Sunday, May 02, 2010

DOUBT: A Review

Watching “Doubt” is quite a different experience today than when the movie first came out in 2008. Also different for those who remember the years of the Kennedy Assasination -- which was not the only assassination -- and the huge revulsion against such a world. One of the major stories in the GF Tribune today is about “make-up” commencements for those whose graduations were foreclosed by the Kent State murders of students by the National Guard. (1970) This strikes me as a covert reminder of the consequences of disorder and a warning to those wanting to return to those years of rethinking the world.

“Doubt” is about a deeper doubt than whether or not a specific priest has been molesting the boys of a Catholic school and whether the principal nun should take action, whether or not he is guilty. Most reviewers missed many small nuances. For instance, one boy, rebellious to all authority figures, defies the priest’s advances and smiles when the man leaves. He is on the side of the nun in this opinion, though he has no use for her authority or conventional “niceness” -- taking devious ways of escaping authority. The other boy, made obviously vulnerable because he is Black, turns out to be also gay for which his father beat him badly. He is at the Catholic school because it can protect him from other students who see gays as natural prey. The priest’s advances are welcome to him, possibly, though his confused reaction is hidden: when he returns from the rectory with wine on his breath, we don’t see him. He is shot masked by Sister James -- we can barely tell she is talking to him.

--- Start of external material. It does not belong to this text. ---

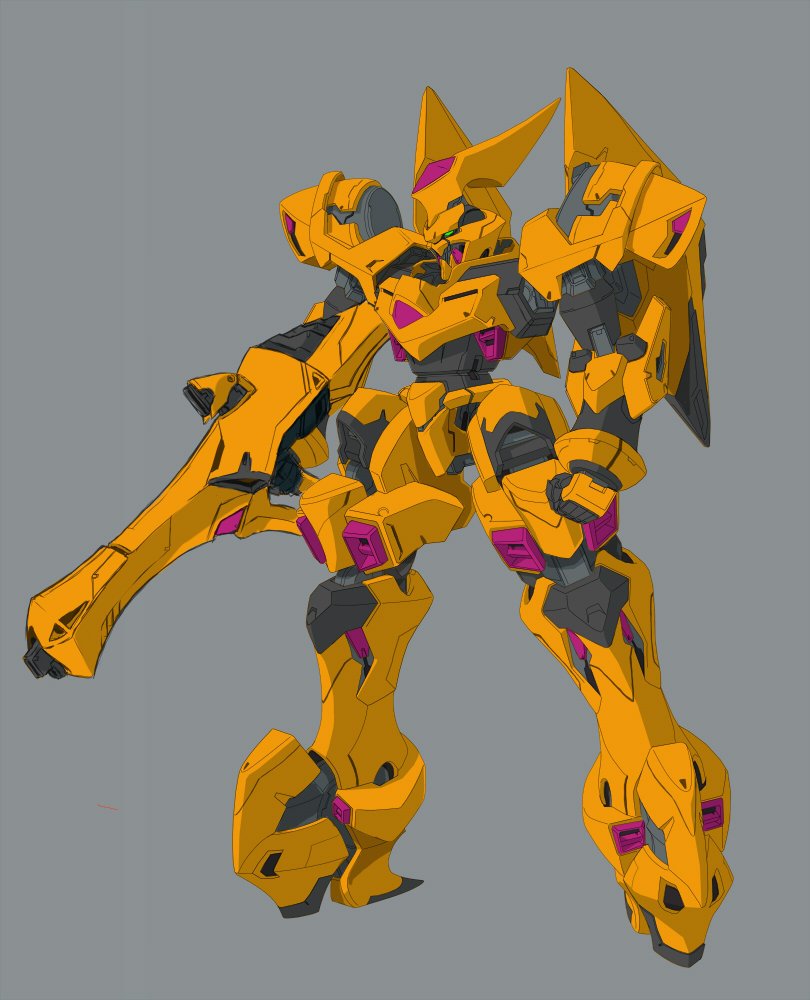 clenched_hand, full_body, green_eyes, gun, holding, holding_gun, holding_weapon, mecha, no_humans, robot, science_fiction, super_robot_wars, super_robot_wars_judgement, super_robot_wars_og_moon_dwellers, super_robot_wars_original_generation, tuyu, vorlent, weapon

Philip Seymour Hoffman and Meryl Streep make this movie possible with their ability to pull us in even when we object to what the characters are doing, and also with the sharp quickness of the rapier exchanges between them -- one can only admire -- but then later admit the empathy that somehow snuck in. It is the Black mother in her Jackie Kennedy coat and hat who sees the complexity of the world and the necessity of clinging to the larger goal -- like keeping her boy alive when his own father is capable of beating him to death.

As is my method, I went looking for information about this playwright, who used an incident in his own family as the kernel for this movie, previously a play. I found a great article about him by Alex Witchel in the NY Times in 2004 just before the play opened. Witchel attended a family reunion picnic and noted that the family strategically kept away from Shanley, evidently for fear he might steal more stories from their lives.

Shanley did indeed attend Catholic schools of a range of brutality. "It was homosexual teachers for the most part who saved me,'' Shanley said. ''The head of discipline at Thomas Moore was gay, and he was my friend and protector. Did he have his reasons for being interested in me? Everybody has their reasons. Passion fuels many things, and it's used in many ways. Many of these people never cross the line.''

So what do we DO with that information? Would it be heresy to suggest that priests not only be allowed to marry but also to marry other adult males? Is the problem celibacy or homosexuality or sexuality that leaks into relationships with children?

Shanley said, “And still another reason I wrote this play is that I'm very aware that debate has become the form of communication, like on 'Crossfire.' There is no room or value placed on doubt, which is one of the hallmarks of the wise man. It's getting harder and harder in this society to find a place for spacious, true intellectual exchange. It's all becoming about who won the argument, which is just moronic.''

Many ideas are quietly presented without comment. The priests whoop it up with wine, music and cushioned surroundings while the nuns move through a near Shaker existence. The essence of the Fifties is found in the cinematography which sees a symmetrical orderly beauty everywhere, maybe even in the narrow back alley with its geometric fire escapes. All is control except in little bubbles of privilege. Anything else is just too terrifying, too demanding.

Sister is right to carry her defense of the boundaries to the children, though she doesn’t notice that her own asceticism is eroded by the transistor radio she impounds, not for the music but for the news. The wind blows hard, the lights go out. But the irrepressible boy goes on talking in class, the irresistible girl continues to fall in love. The subtle and convincing portraits of these children are a powerful force in the argument. Even shooting them with guns on campuses is not enough to extinguish them.

Shanley and his second wife, now divorced, adopted two boys at birth, one Mexican and one “Celtic” from Texas, about the same age. Witchel ends his article with this vignette:

“Both boys are protective of Shanley, almost tender in their vigilance of him. They continually surround him, seeming to stand sentry. Maybe it's the glaucoma. Maybe it's because he's just not like other dads. When Frank came off the makeshift court -- a patch of grass dotted with rocks -- and Shanley saw his skinned knee, he said, ''You know, in Ireland, kings were kings until they had a physical imperfection, and then they were put to death.''

“His [Shanley’s] brother Tom quickly interjected, ''Well, Frank, it's a good thing you're not a king.'' But Frank didn't need reassurance. He seems to hear stuff like that all the time. He sat near his father a while longer, then returned to the game.

“Shanley watched his sons. 'They're going to fall in love and have their hearts broken,'' he said quietly. ''I don't think I can take it.' ”

But he will. What choice is there? In spite of all doubts we cannot help loving. In this, Sister James is our guide with her open earnestness, her quick wish for the best, and her bad dreams. She is what the Pope pretends to be.